POSTER session, Saturday afternoon, April 18
Concourse C, Level II, Columbus Conv. Center

[D3.07] Blackbody Radiation of Remote Extragalaxial Regions of Vacuum Space.

Menahem Simhony (Hebrew U.)

In the Electron Positron Lattice (EPoLa) model of space,(M.Simhony, The Epola Space, 1990, 160 pp (available from the author). Also, M.Simhony, Invitation to the Natural Physics of Matter, Space, and Radiation, World Scientific, 1994 (292 pp).) the 3K blackbody radiation is due to random vibrations of electrons and positrons, bound in our epola region. They cause the zero-point motion of helium atoms (analog to Brownian movement).

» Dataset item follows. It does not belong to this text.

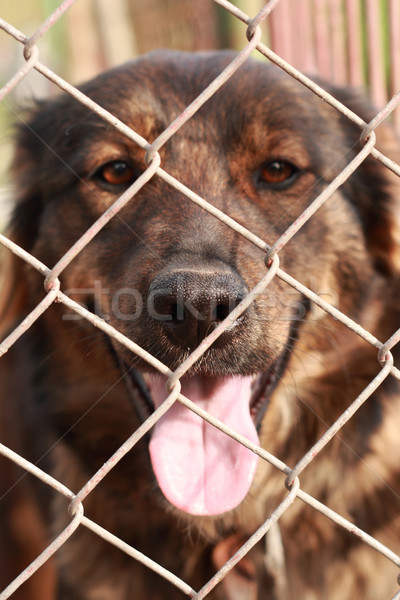 very nice dog Stock photo © jonnysek
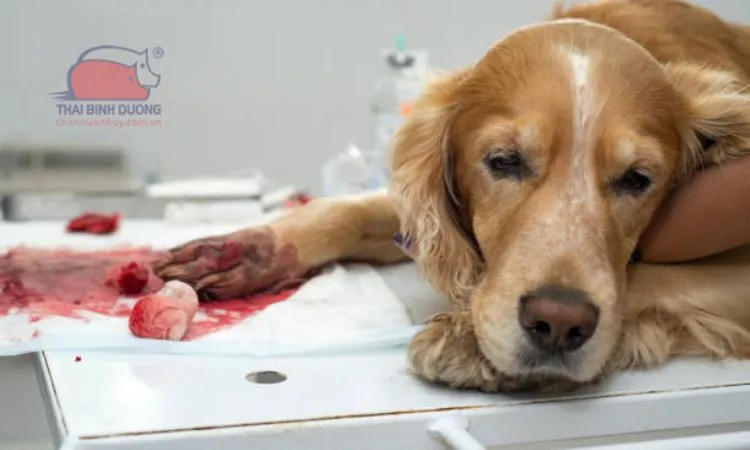 Phân biệt các loại phân khi chó gặp vấn đề về đường ruột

The temperature (T) of our epola region is therefore 3K. Slightly warmer regions are observed as mysterious "dark matter", considered to "constitute most of the mass of the universe". Regions of T>\sim100K create the mystery of "grey matter". T is elevated in epola regions where there are more "hot" stars, more nuclear activity, more injected free nuclear particles and radiation. Epola regions hotter than 800K emit visible radiation; at 3000K they glow like lamp filaments, and at 6000K - like the sun. Such very distant epola regions can be mistaken for stars and galaxies. At sufficiently high T, the epola "melts" into a liquid of electron positron (epo) pairs, in which the velocity of light is drastically reduced. At 6 billion K, it turns into a gaseous mixture of epo pairs and free electrons and positrons. In this "epogas", quantum radiation laws do not hold, there are no photons, just as there are no phonons in gases.